Exercise: Pictures aside, quote the whole listing exactly.

Given information:

•••••

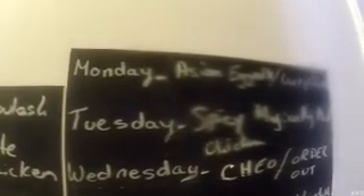Hey everybody, it's Jenn in Kanata and I'm going to show you our menu plan for this week, October 14th to 21st. On Monday we are having Asian egg rolls for lunch — homemade — and curry chicken. Instead of having Monday as a Thanksgiving turkey meal, we had that on Sunday at my in-laws.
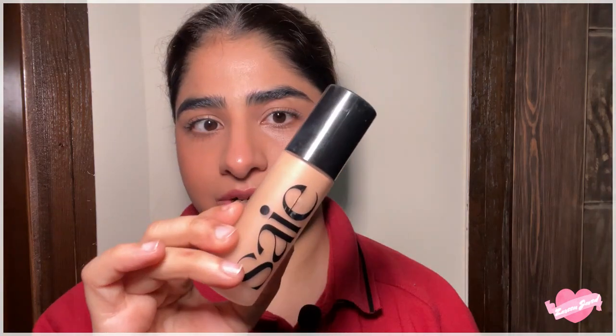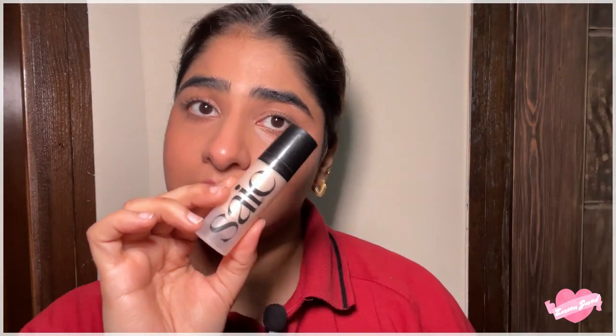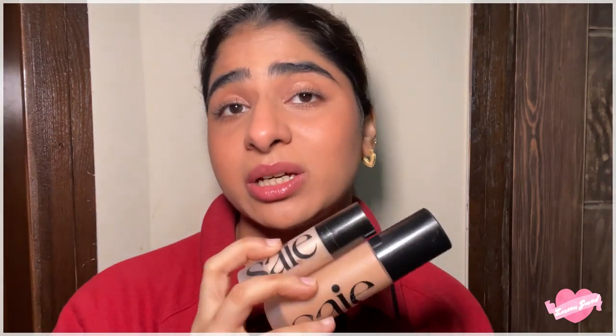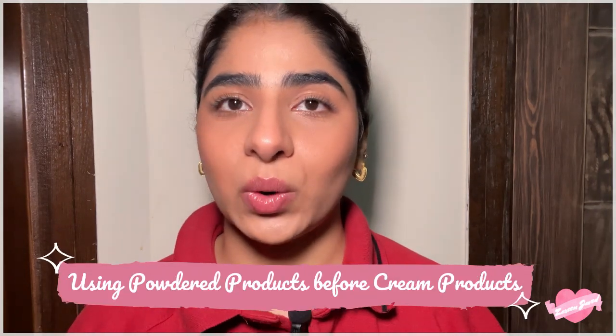You have to layer a silicone primer with a silicone foundation, a water-based primer with a water-based foundation, and an oil-based primer with an oil-based foundation. I recently got a water-based foundation and I use a water-based primer with it, because if I used a silicone primer my makeup would never turn out good. In 2023, water-based foundations were a big trend, and I learned that layering a water-based foundation with any other type of primer turns out patchy.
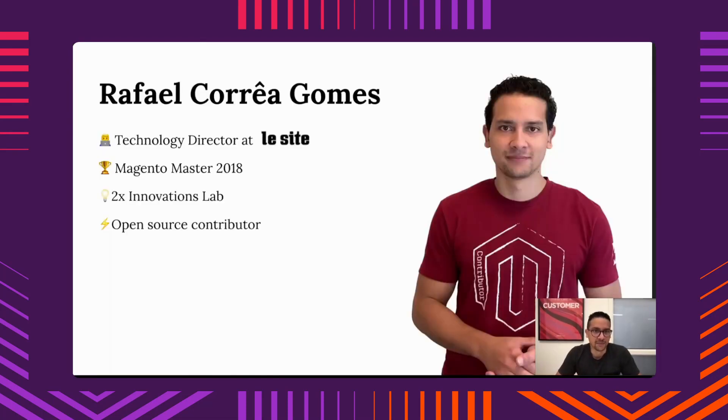My name is Rafael. I'm a Technology Director at Lecid, a company based here in Quebec, Montreal. I received the title of Magento Master in 2018 by Adobe Magento, and I've received the Innovation Lab Award twice as well. I love to contribute to open source projects — when I see a solution that can bring optimization and help developers in their daily routine, I'm glad to share and engage with tools that we use in the community.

•••••

Response to this task:
Hey everybody, it's Jenn in Kanata and I'm going to show you our menu plan for this week, October 14th to 21st. On Monday we are having Asian egg rolls for lunch — homemade — and curry chicken. Instead of having Monday as a Thanksgiving turkey meal, we had that on Sunday at my in-laws.
You have to layer a silicone primer with a silicone foundation, a water-based primer with a water-based foundation, and an oil-based primer with an oil-based foundation. I recently got a water-based foundation and I use a water-based primer with it, because if I used a silicone primer my makeup would never turn out good. In 2023, water-based foundations were a big trend, and I learned that layering a water-based foundation with any other type of primer turns out patchy.
My name is Rafael. I'm a Technology Director at Lecid, a company based here in Quebec, Montreal. I received the title of Magento Master in 2018 by Adobe Magento, and I've received the Innovation Lab Award twice as well. I love to contribute to open source projects — when I see a solution that can bring optimization and help developers in their daily routine, I'm glad to share and engage with tools that we use in the community.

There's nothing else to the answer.